David Blunkett, Labour's education spokesman, was waiting to take aim at Michael Heseltine, the Deputy Prime Minister, sitting close by. "Would the Secretary of State agree with me that when the Deputy Prime Minister last week said that it was necessary to allow 60,000 children to escape, as he put it, from the inadequacy of inner-city education, he was giving the biggest indictment possible of 16 years of Conservative government.

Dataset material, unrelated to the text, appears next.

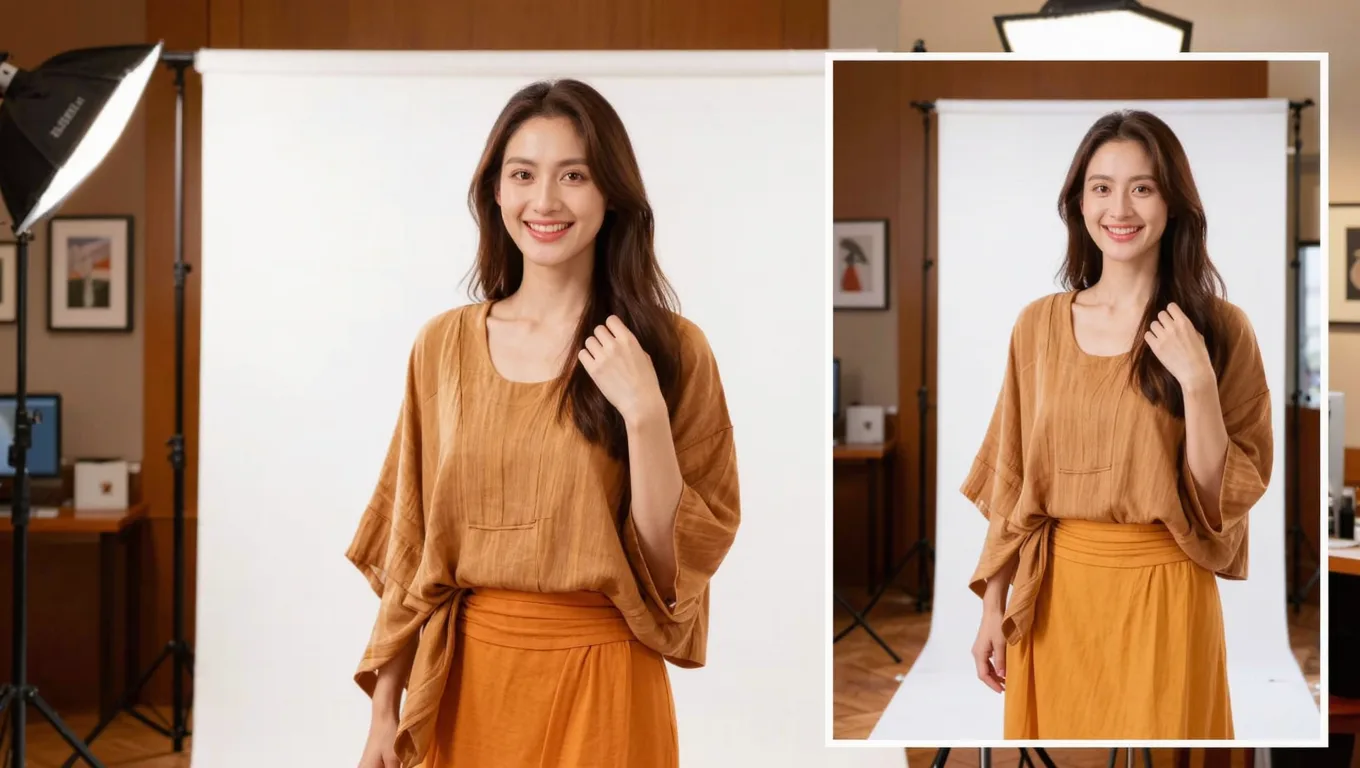 图叮AI服装直播切片抠图对比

If there's pounds 220m available, it should go in lowering class sizes for one and a half million children in infant school or 7 million children in our state system and not simply allowing 60,000 to escape from Tory incompetence."

Mrs Shephard retorted that members opposite had consistently opposed everything the Government had tried to do to raise standards. "That is well known and well documented and so is their principal motivation of class envy ... the party opposite is the enemy of aspiration."

Later, at Prime Minister's Questions, John Major took his first opportunity to take a dig at Labour defector Alan Howarth, who yesterday sat next to Greville Janner, the MP for Leicester West who with foresight once urged Mr Howarth to cross the floor during a debate on economic and social policy.

Bob Dunn, the Conservative MP for Dartford, had urged Mr Major to compare Conservative policies of "maximising parental choice" with Labour's plans to "destroy CTCs, destroy grammar schools, destroy the assisted places scheme and destroy the grant-maintained schools in the interests of equality, justice and social engineering".

Mr Major replied: "What we seek is excellence in education and choice in education for all parents ... I regret very much that the Opposition oppose the assisted places scheme - except perhaps for the honourable gentleman for Stratford-upon-Avon."

But there was a strong prime ministerial backing for Michael Portillo, Secretary of State for Defence, after last week's anti-European speech.

Replying to Menzies Campbell, Liberal Democrat foreign affairs and defence spokesman, Mr Major insisted: "Michael Portillo was expressing the fears of many people, not just in the United Kingdom but right across Europe about the more ambitious, federalist plans for the future of the European Union.

"If you are saying it is the policy of your party that the British armed forces should be commanded by qualified majority vote elsewhere, then say so."